This time Joe had the doctor turn away and observe as her dad asked her to identify letters on the chart. She squinted, couldn't and the Doctor was fascinated.
Somehow he was transferring to the little girl what he wanted her to tell him, because seemingly she'd memorised the grid.
This scene comes from the US series Medium starring Patricia Arquette as detective Allsion DuBois who sees the future etc, but it's poignancy is vast.
You're often hear the following:
Video on the web should be below 2 minutes, and people don't read online, they skim. Ask yourself how you know this.
Because someone knowledgeable told you, and sometimes depending on your speaker, he or she found out in that great repository of knowledge - the web.
But here's the crunch. The web, indeed even research can tell you anything you want to hear. Let's leave research out for the moment.
The web says so, with a link to some firm or company, with no methodology of how they know - is one of the enduring myths of erroneous information on the web.
So how do you know videos should be so long? Because teenagers are telling you so. Well teenagers say a lot of things, as do non-teenagers, so the next best thing you need to do is undertake an empirical study. That means test the hypothesis you have.
Now depending on your questions you can also influence the answers. A subtle shift is giving times in ascending order 2 minutes, 4 minutes etc. Also if you're in a hurry to finish a survey how does your own time needs influence the outcome.

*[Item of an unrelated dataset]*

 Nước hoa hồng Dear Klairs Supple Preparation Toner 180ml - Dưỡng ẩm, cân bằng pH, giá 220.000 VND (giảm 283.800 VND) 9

Research needn't be boring. Here goes. Firstly you can trend extrapolate - examining past trends. Why do we like short videos? Well if we look hard enough we'll find there's a trend in diminishing length.
But why does it apply to the web? Here you could examine features and lifestyles associated with the web - lean forward, you watching at work when you shouldn't, the brightness of the screens that makes you tired and so on.
Then you test those.
One of the things as a videojournalist/film maker I like doing is using film to examine live-studies. It's a practise that has a long lineage in ethnographic films, but given our level of Social Network activity has renewed purpose.
And from what I would call these films of inside records, we can begin to understand not just by hyperbole or more pointedly interviews, but also letting the camera observe in an impressionistic way - that's small details.
Details about what we do and how will come fast and furious at us, and even though the web is a gem, it doesn't have all the answers. Rigour and knowing how to devise and extract data will undoubtedly become a bigger industry than it has so far.
Because rightly we really truly want to know what's going on and that often emerges from deeper analysis than ..because she told me.